Save Money with Alternative Heating & Cooling Options


Unfortunately, when compared to the rest of the world, Americans use twice as much energy as necessary to heat and cool their homes, which accounts for a lot of wasted energy. In order to conserve energy, consumers can either replace non-renewable resources with renewable energy or try alternative heating and cooling sources. Listed below are a few examples of such alternative sources:

Swamp Coolers
A swamp cooler or “evaporative cooler” functions similarly to a conventional air conditioner, but at a fraction of the price. Swamp coolers operate on less than a quarter of the electricity of a regular air conditioning system and cool the air by blowing air through wet pads. Because these appliances blow slightly humidified air into the home, these are only suitable for climates that are relatively dry.

Wood
Wood has been used as a heating fuel since antiquity, and there are a variety of wood-burning fireplaces and stoves on the market today. Although wood can be used as a primary heat source, wood is best used as a supplement to existing central heating systems. If you have access to inexpensive or free wood, installing a wood-burning stove can dramatically reduce your energy bill.

Fireplaces
Burning wood in an older fireplace is not practical, as the wood burns uncontrollably and inefficiently, with 90% of the heat energy produced going up the flue and producing copious amounts of smoke. In addition, heat that is generated through a fireplace leaks through windows and allows for drafts.

Standalone Wood Furnaces
The popularity of exterior wood furnaces continues to increase. These units consist of a small building that sits outside of a house that contains a wood-burning stove.
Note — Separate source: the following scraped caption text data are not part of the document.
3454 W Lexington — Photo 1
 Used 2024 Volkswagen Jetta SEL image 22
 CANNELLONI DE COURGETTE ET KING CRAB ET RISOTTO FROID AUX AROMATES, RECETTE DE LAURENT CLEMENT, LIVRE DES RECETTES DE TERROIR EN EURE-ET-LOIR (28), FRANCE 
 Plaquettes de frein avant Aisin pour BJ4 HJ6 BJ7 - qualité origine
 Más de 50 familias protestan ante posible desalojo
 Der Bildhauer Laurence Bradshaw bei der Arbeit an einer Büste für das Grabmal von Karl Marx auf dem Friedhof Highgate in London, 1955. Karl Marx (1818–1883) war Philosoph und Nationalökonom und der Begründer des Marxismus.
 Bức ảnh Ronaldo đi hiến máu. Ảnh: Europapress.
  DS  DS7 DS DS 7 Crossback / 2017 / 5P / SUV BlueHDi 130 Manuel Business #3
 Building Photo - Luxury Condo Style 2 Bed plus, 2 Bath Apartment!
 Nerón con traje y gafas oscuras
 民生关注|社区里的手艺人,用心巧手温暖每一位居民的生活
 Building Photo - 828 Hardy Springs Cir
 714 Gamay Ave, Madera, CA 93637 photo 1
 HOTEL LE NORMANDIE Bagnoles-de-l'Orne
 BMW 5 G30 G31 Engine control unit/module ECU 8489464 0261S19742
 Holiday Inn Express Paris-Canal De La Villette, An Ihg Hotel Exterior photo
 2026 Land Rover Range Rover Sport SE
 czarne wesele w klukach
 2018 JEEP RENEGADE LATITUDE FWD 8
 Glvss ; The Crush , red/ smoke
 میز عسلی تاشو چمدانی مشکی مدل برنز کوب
This stove heats water that is then pumped into the house through underground pipes, with the pipes then traveling to a conventional air handler. These systems are advantageous because they use logs that do not require cutting or splitting, and they need to be fueled only once or twice a day.

Corn Stoves
Corn stoves are popular alternatives in areas where field corn is abundant and inexpensive. Corn stoves have a hopper on top or on the side into which bags or bushels of corn are deposited. An auger controlled by a thermostat then shuffles the corn into a firebox, where an intense fire combusts the corn and turns it into heat that is moved around the room by a small fan.

Masonry Heaters
Masonry heaters burn wood in an enclosed firebox and the combustion gases travel through a maze of masonry passages where they release their heat. While many of these heaters are ornate and can be considered works of art, these are often large and expensive, and a room or an entire area in a home is usually designed around a masonry heater.

While these cooling and heating methods require an initial investment, they can still help keep your energy costs down and provide comfort for you and your family.